Postby Bruce N H » Mon Mar 04, 2013 5:32 pm

Burlogh,

Blacksmith Shop Image
I really liked this MOC a lot. I particularly like the way you filled in some of the failings of the original (hard to say 'failings' in the context of that wonderful set), such as giving the guard up above more space and a parapet along the inside, and adding detail to the wall. I also really enjoyed the fact that you added a light brick to the fire and turning it at an angle. Giving the ground some definition, with the layering of soil and grass, was also nice. Perhaps my only negative mark on this was that it stayed almost too true to the source material, while some of the other entries went a greater step beyond the original. One idea, perhaps, would have been to include some allusion to the alternate build that is included in the original set's instructions (the small tower and the cart). BTW, I agree with your implication on Flickr that the original set should have been named 'wheelwright' rather than 'blacksmith'.
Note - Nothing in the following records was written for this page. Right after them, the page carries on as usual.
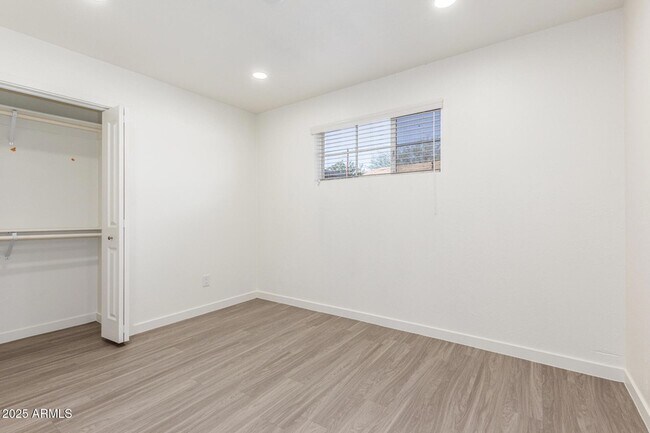 Building Photo - 5306 N 8th Ave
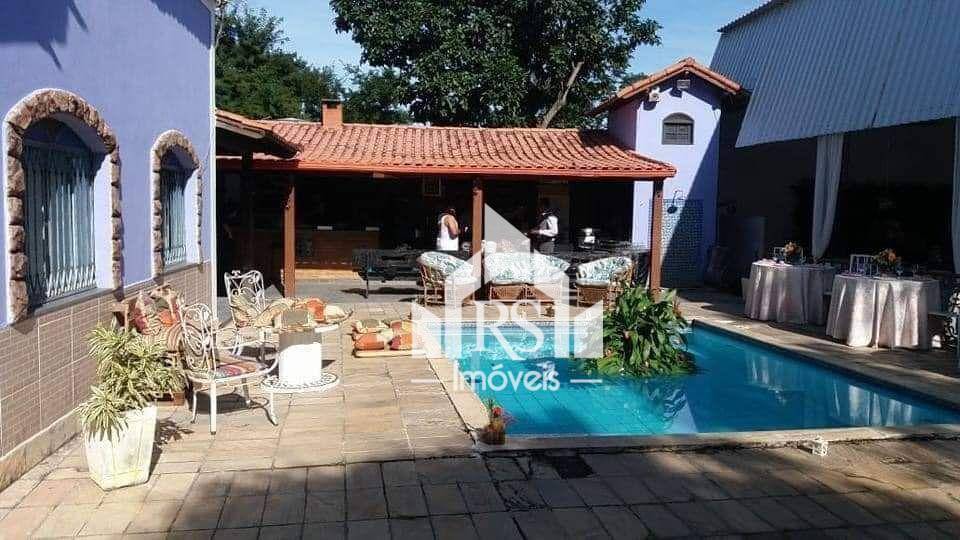 Sítio à venda com 3 quartos, 1000m² - Foto 1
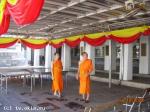 Монахи внутри храма Лежащего Будды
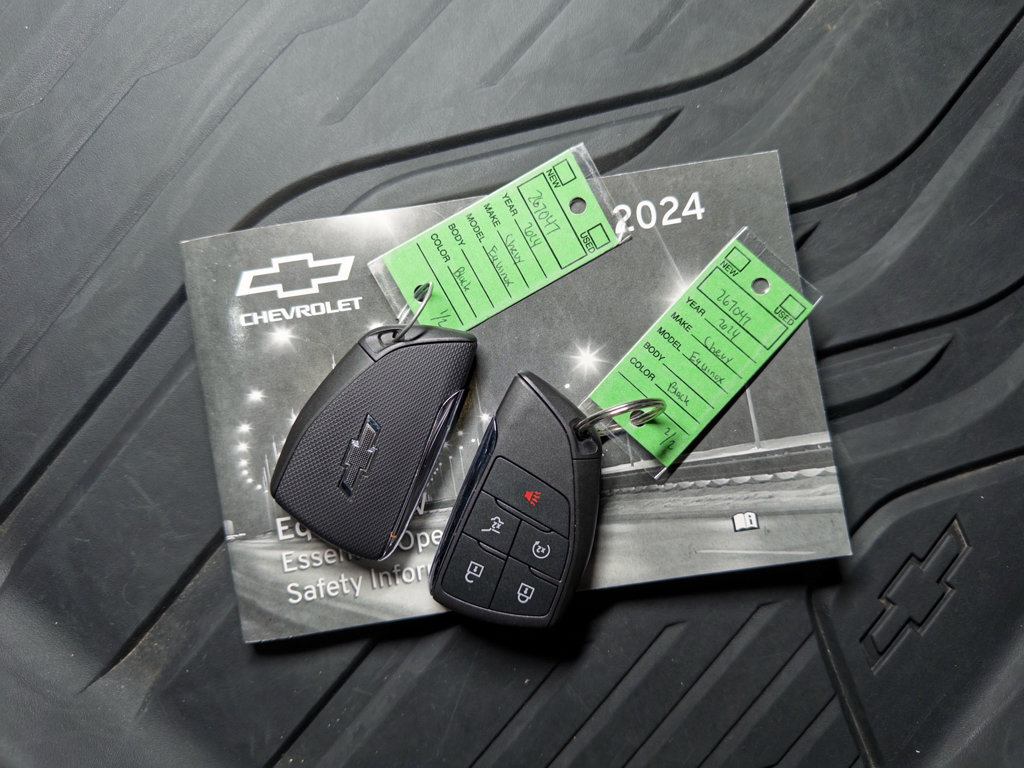 Used 2024 Chevrolet Equinox EV RS FWD image 23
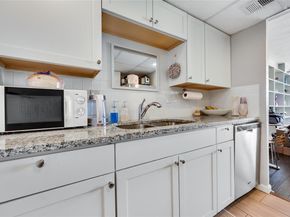 1800 Lavaca ST A711, Austin TX 78701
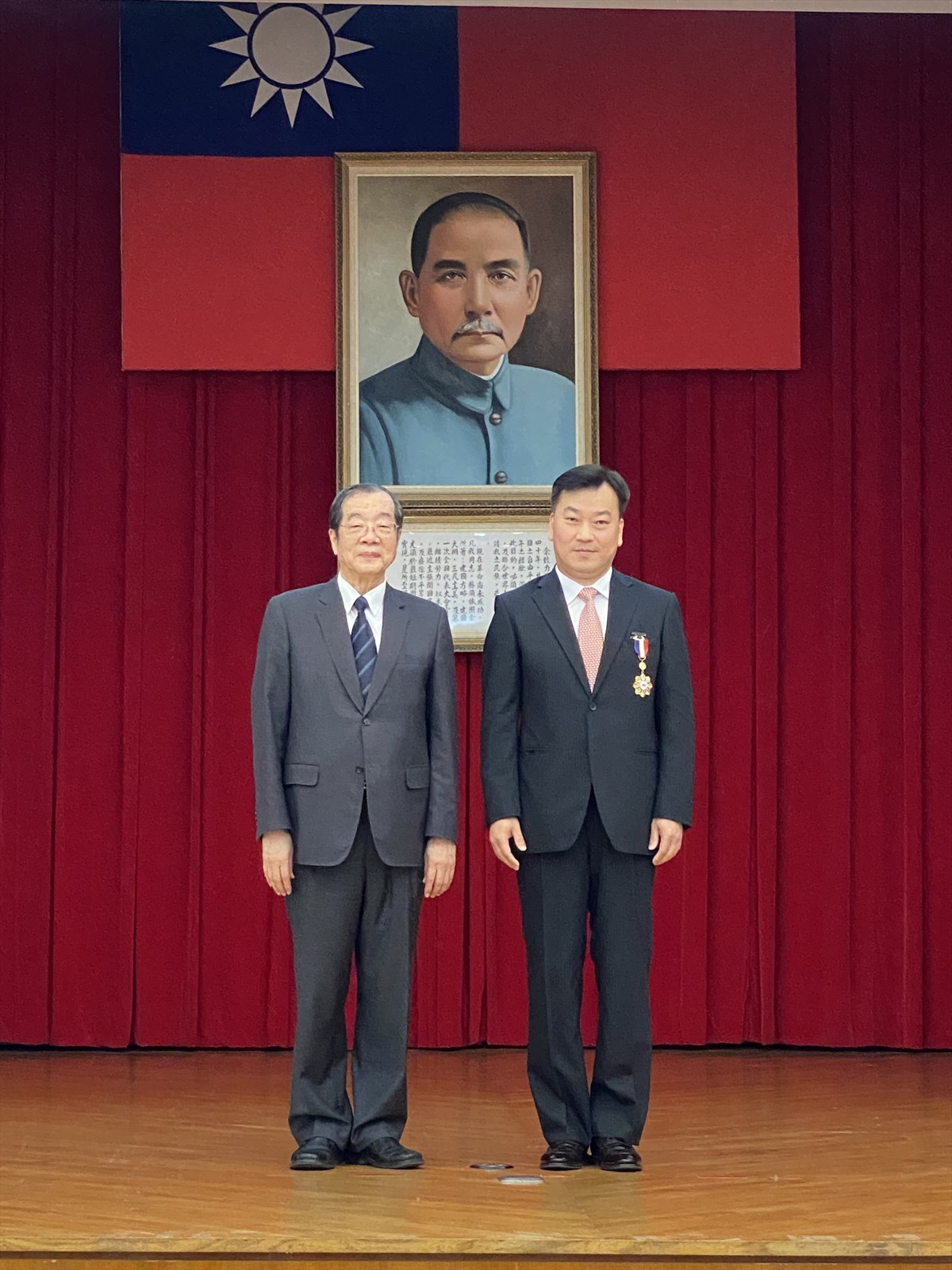 02.KSU Conducts National Examination Services for Over 10 Years: President Lee Tien-Shiang Awarded Third-Class Medal for Supervisory Dedication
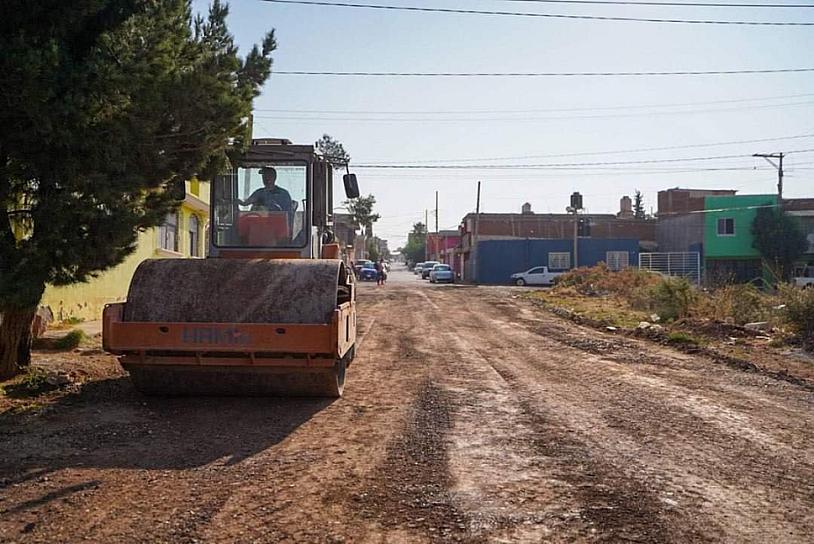 SUPERVISA ALCALDE JORGE MIRANDA TRABAJOS DE MEJORAMIENTO DE CALLES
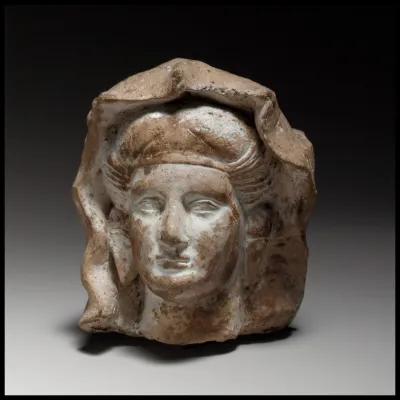 Female head, probably of a goddess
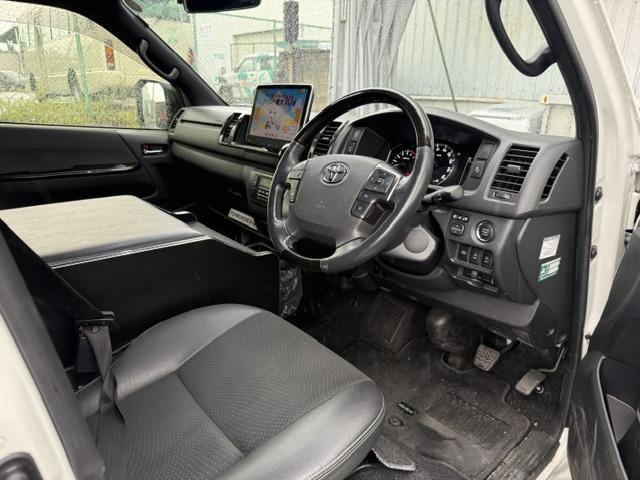 Ref:AUX-22340056 TOYOTA HIACE VAN 2022 4 Ref:AUX-22340056 TOYOTA HIACE VAN 2022 - Image 4
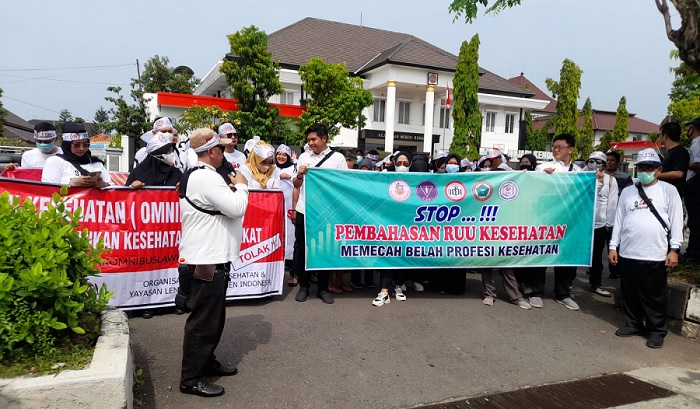 Para tenaga kesehatan melakukan aksi menolak RUU Kesehatan (omnibus law) di depan Gedung DPRD Kendal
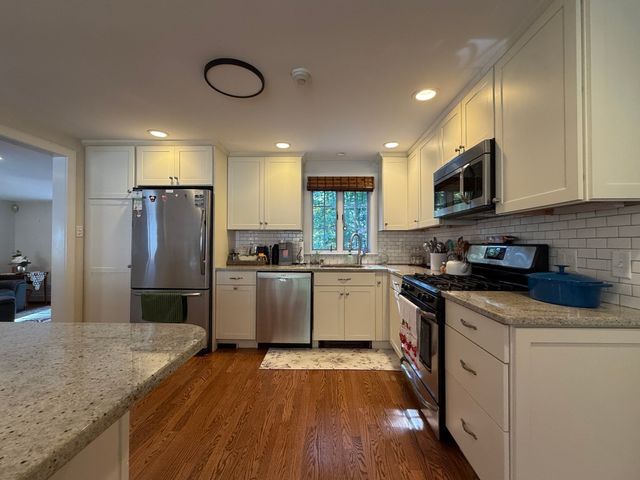 84 Nancy Ave, Dracut, MA 01826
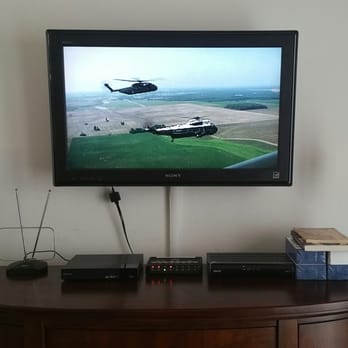 TV Install Chicago - 32-inch television installed with wiring concealed in molding. - TV Mounting Near Me - Chicago, Illinois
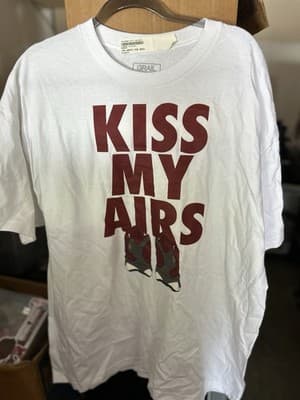 Grail “Kiss My Airs” T-Shirt White 2XL Sneaker Graphic Jordan Theme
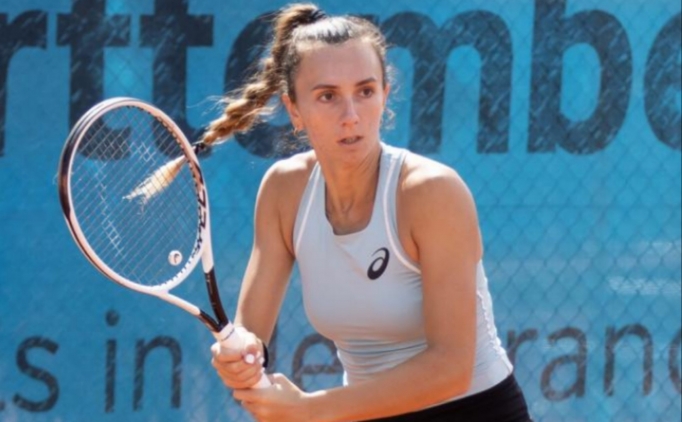 �pek �z, Academy World Tennis Tour'da �eyrek finalde!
Okay, I guess there hasn't been a flood of requests, so I'll go back and address the couple of additional ones that I asked to wait.

Matthew,

Siege Tower redux Image
I thought there was too much on the siege tower - you made these overlapping tiles to give texture, but also had a whole variety of colors. I thought that would have looked better if it were all in one color. It goes back to my comment on other MOCs above in this thread of contrasting complex with simple - here a simple color scheme would have gone well with the complex texture, whereas making both complex it looks messy. Also on the tower, the fold-down bridge starts out way too high. The attacking soldier would have far too much difficulty keeping his balance on that steep downward slope and would not be able to swing his sword. Another issue is the action - everyone is kind of standing around. This would have been strengthened if the defenders were rushing to the point where the attackers were leaping down from the tower, and maybe that other attacker should be coming up the ladder rather than just sitting on his horse. The curved detail on the wall is interesting, but maybe out of place on an outer defensive wall.

KumpelKante,

Frost Fair Image

I really loved the idea of this entry. I'd never known about these frost fairs, that's a fun little slice of history. One issue I had was that if you did not read the description, it was initially unclear that the bridge was a bridge over a frozen river, rather than just some structure built up over a field. Perhaps if you'd included a little of the banks on either side of the river. Some nice details on the bridge itself. The action down below is a little confused - it is unclear what all is happening on first look. Another suggestion would be to have one of your photos from the perspective of an onlooker from the bridge above.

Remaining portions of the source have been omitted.